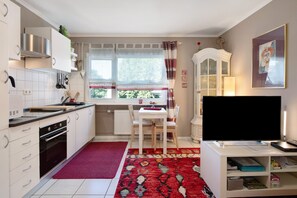 A compact kitchen with white cabinets, a stove, a dining table with chairs, a TV, and a window with curtains.
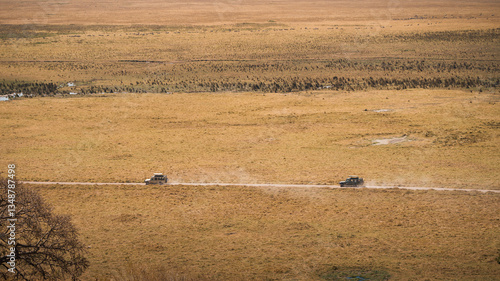 Two jeeps carrying tourists on safari are driving through ngorongoro crater in tanzania, africa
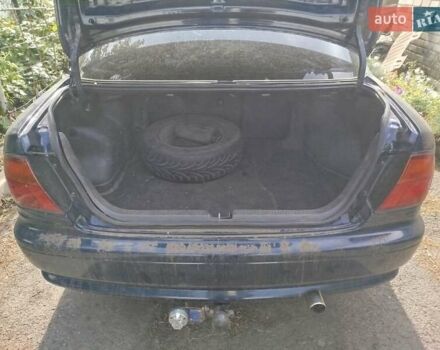 Черный Мазда 323, объемом двигателя 1.49 л и пробегом 319 тыс. км за 2400 $, фото 3 на Automoto.ua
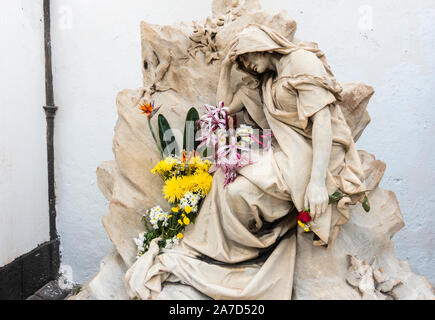 Rote Rose in der Hand auf Statue in den Friedhof gelegt. Stockfoto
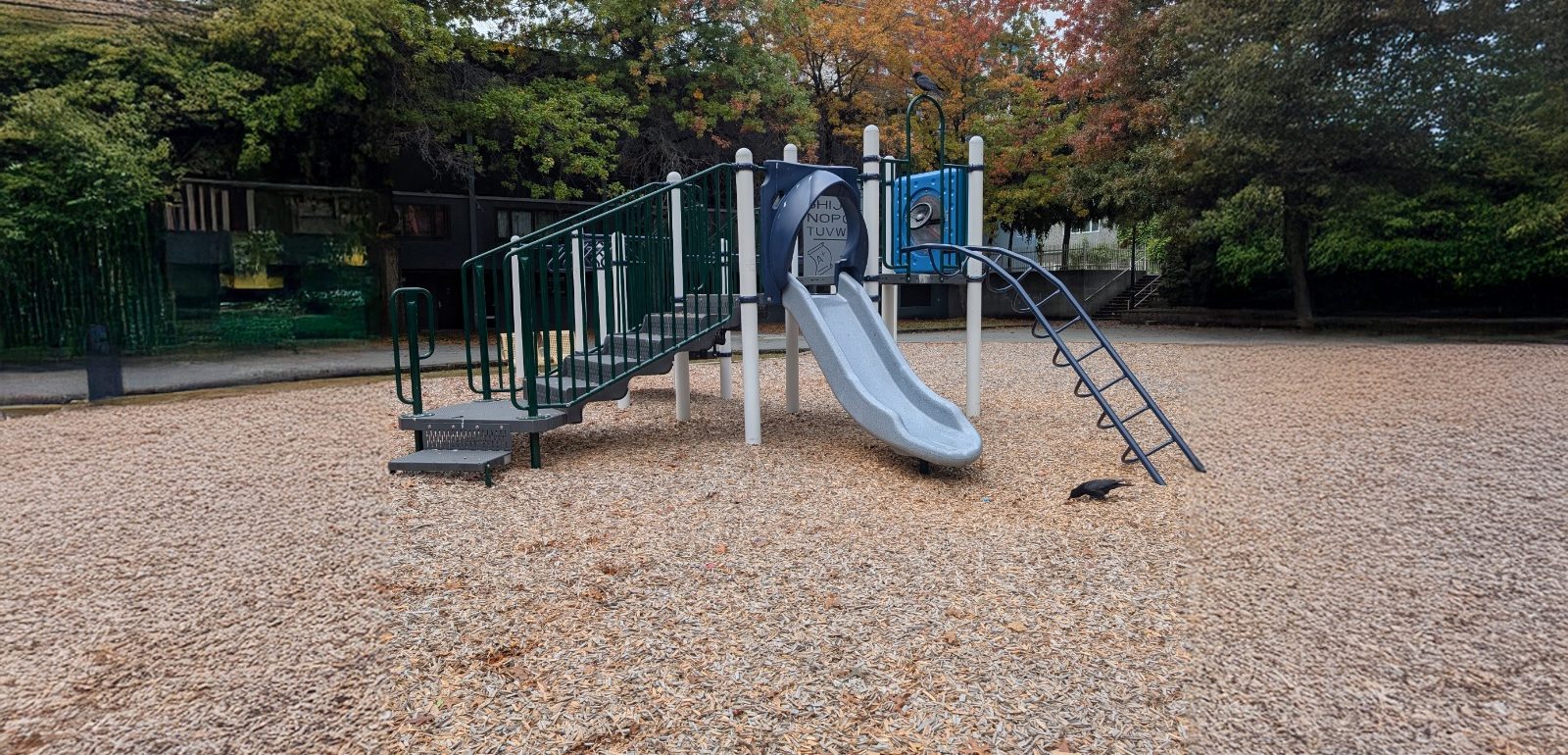 Grey slide, curved ladder and alphabet panel on the wood chip playground at MacLean Park in Vancouver, BC.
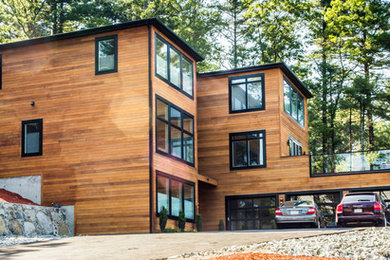 Example of a trendy brown three-story wood exterior home design in Boston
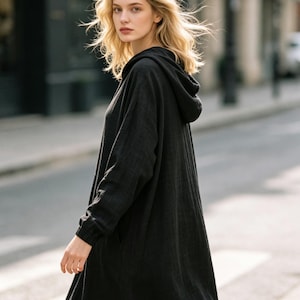 May include: A long-sleeved black hooded dress made of a textured fabric. The garment features a hood, long sleeves with elasticated cuffs, and a loose, flowing silhouette that extends to the lower legs, providing a simple and functional design.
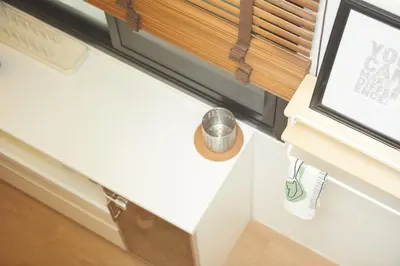 a room with a window with a cup on a window sill at Spacious Design Loft with Rooftop in Bangkok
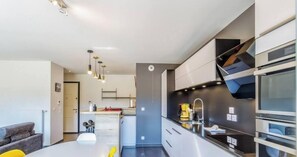 A modern kitchen with built-in appliances, a dining area with a table and chairs, and a visible door leading to another room.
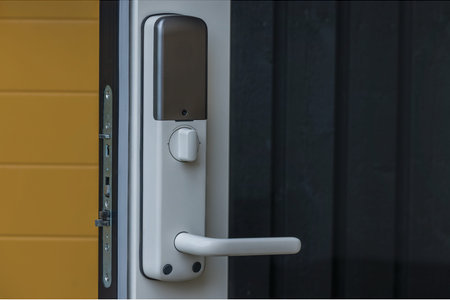 Close up view of modern white entrance door with digital lock.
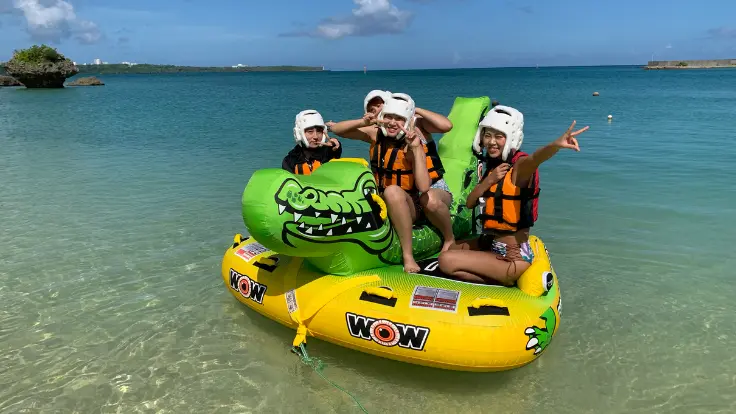 沖縄の海でチューブ系マリンスポーツを楽しんでいる様子。乗り物の形によって動きやスリルが変わる体験イメージ。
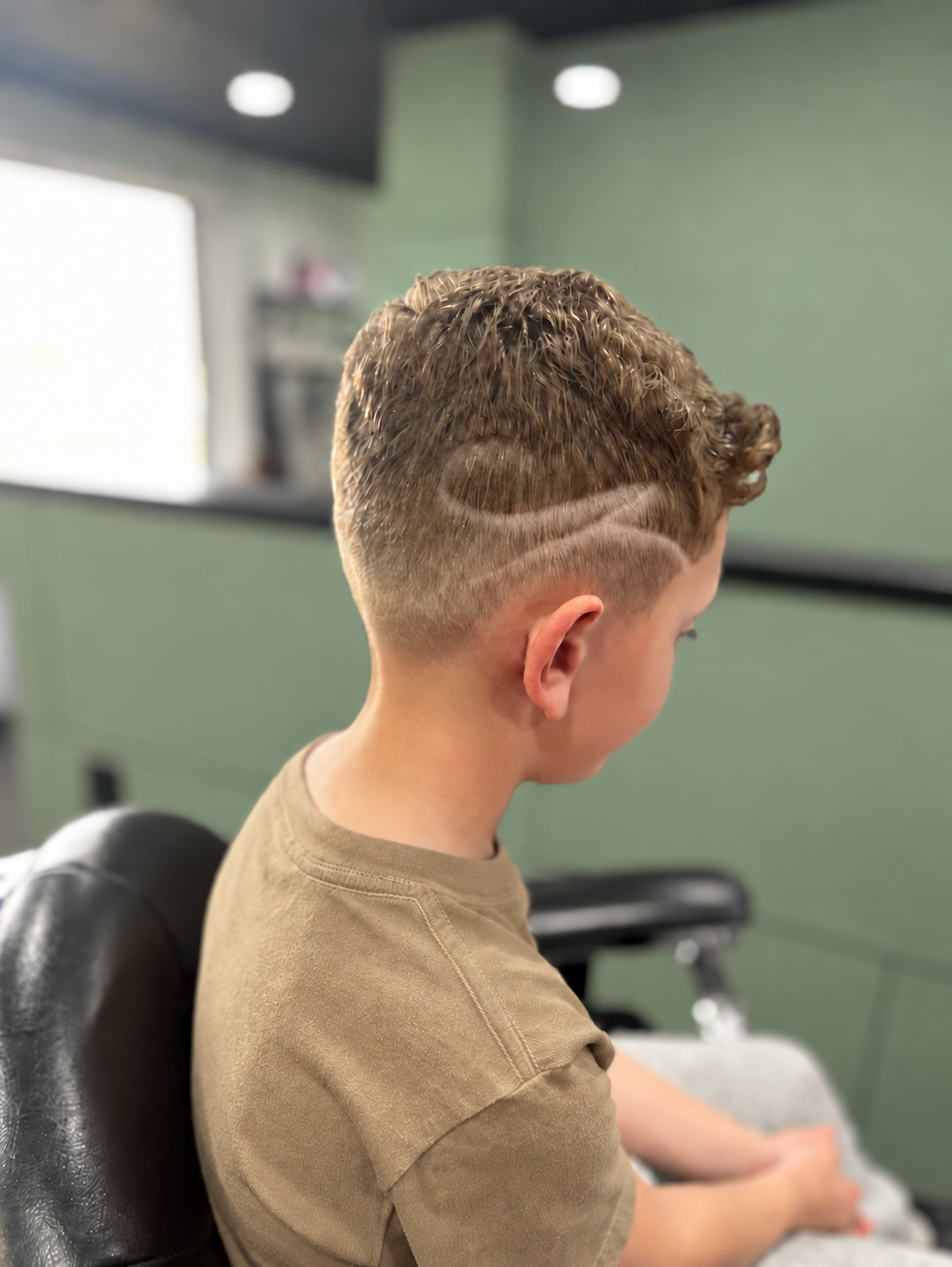 A clean taper fade haircut with custom artistic shaved design lines styled at MANE DISTRICT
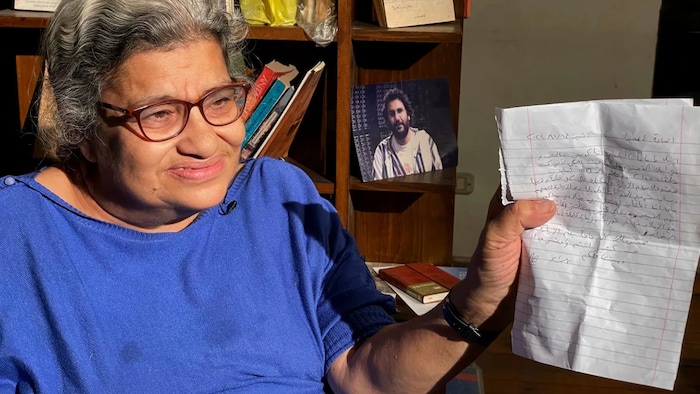 Laila Soueif holds the letter she got from Abdel-Fattah Tuesday. In it, he said he had started to drink and eat again and would explain why. (Amr Nabil/The Associated Press)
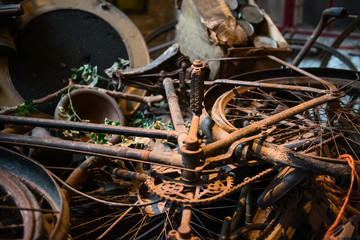 Fototapeta na wymiar Old rusty bikes, bicycles, retro car details and other vintage items lying in a heap and waiting for their museum restoration. Selective focus.
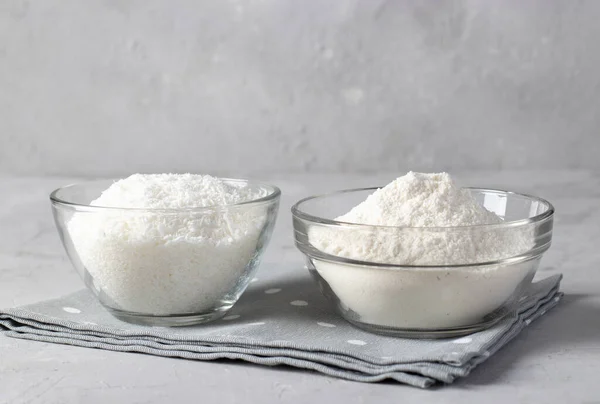 Vegane Kokosnussprodukte: Kokosflocken und Mehl in transparenten Schalen vor grauem Hintergrund. — Stockfoto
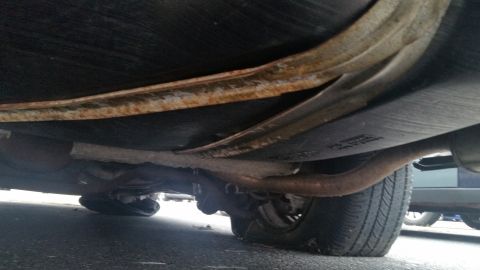1991 Ford LTD Crown Victoria - Photograph of a vehicle undercarriage showing a rusty frame rail and exhaust, not a document.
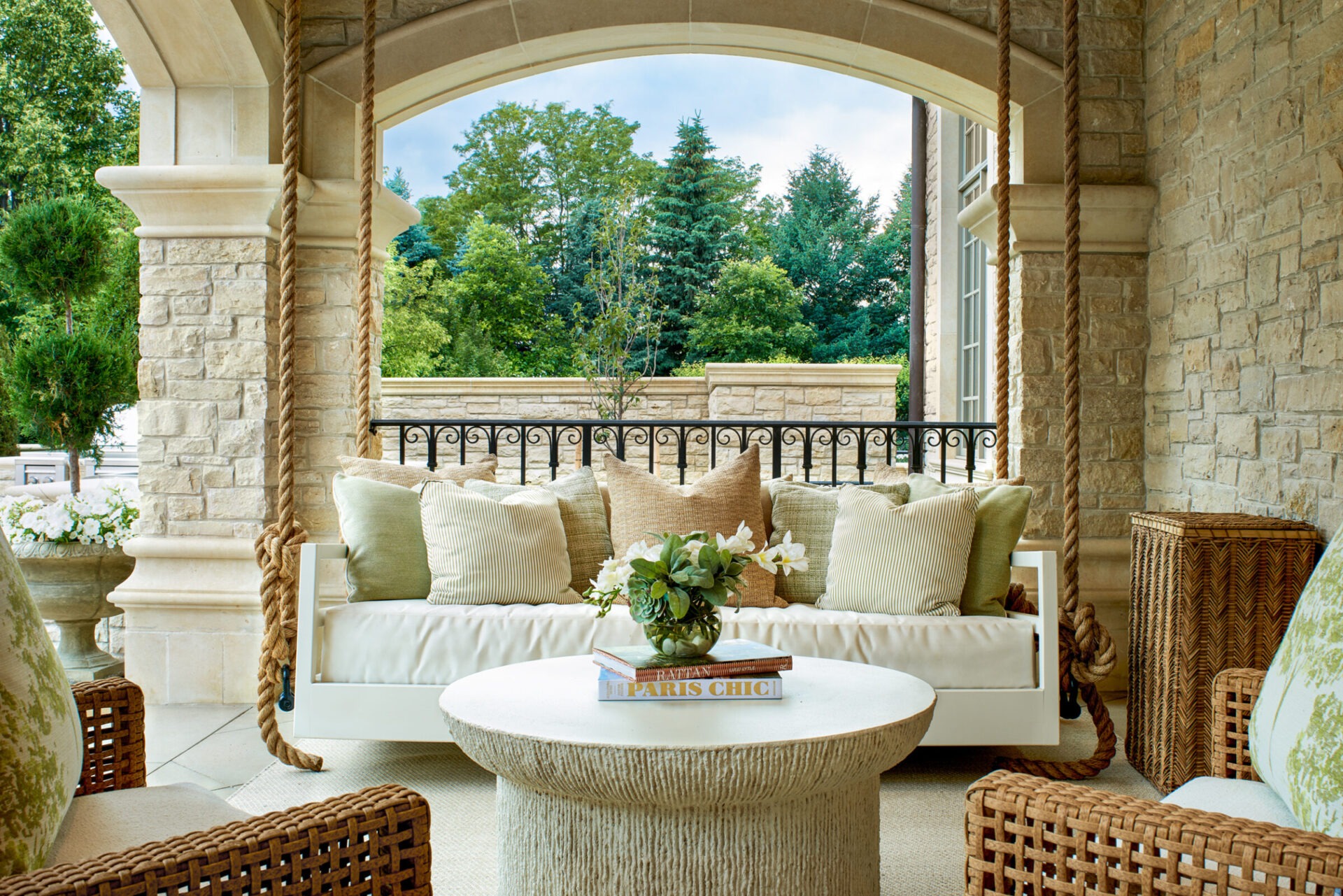 Chic outdoor patio with a swinging couch, cozy cushions, and a round table. Surrounded by greenery and a stone-finish exterior.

- **What to work on**
Restate the data above word for word, omitting every picture.

- **Answer for this exercise**
 A compact kitchen with white cabinets, a stove, a dining table with chairs, a TV, and a window with curtains.
 Two jeeps carrying tourists on safari are driving through ngorongoro crater in tanzania, africa
 Черный Мазда 323, объемом двигателя 1.49 л и пробегом 319 тыс. км за 2400 $, фото 3 на Automoto.ua
 Rote Rose in der Hand auf Statue in den Friedhof gelegt. Stockfoto
 Grey slide, curved ladder and alphabet panel on the wood chip playground at MacLean Park in Vancouver, BC.
 Example of a trendy brown three-story wood exterior home design in Boston
 May include: A long-sleeved black hooded dress made of a textured fabric. The garment features a hood, long sleeves with elasticated cuffs, and a loose, flowing silhouette that extends to the lower legs, providing a simple and functional design.
 a room with a window with a cup on a window sill at Spacious Design Loft with Rooftop in Bangkok
 A modern kitchen with built-in appliances, a dining area with a table and chairs, and a visible door leading to another room.
 Close up view of modern white entrance door with digital lock.
 沖縄の海でチューブ系マリンスポーツを楽しんでいる様子。乗り物の形によって動きやスリルが変わる体験イメージ。
 A clean taper fade haircut with custom artistic shaved design lines styled at MANE DISTRICT
 Laila Soueif holds the letter she got from Abdel-Fattah Tuesday. In it, he said he had started to drink and eat again and would explain why. (Amr Nabil/The Associated Press)
 Fototapeta na wymiar Old rusty bikes, bicycles, retro car details and other vintage items lying in a heap and waiting for their museum restoration. Selective focus.
 Vegane Kokosnussprodukte: Kokosflocken und Mehl in transparenten Schalen vor grauem Hintergrund. — Stockfoto
1991 Ford LTD Crown Victoria - Photograph of a vehicle undercarriage showing a rusty frame rail and exhaust, not a document.
 Chic outdoor patio with a swinging couch, cozy cushions, and a round table. Surrounded by greenery and a stone-finish exterior.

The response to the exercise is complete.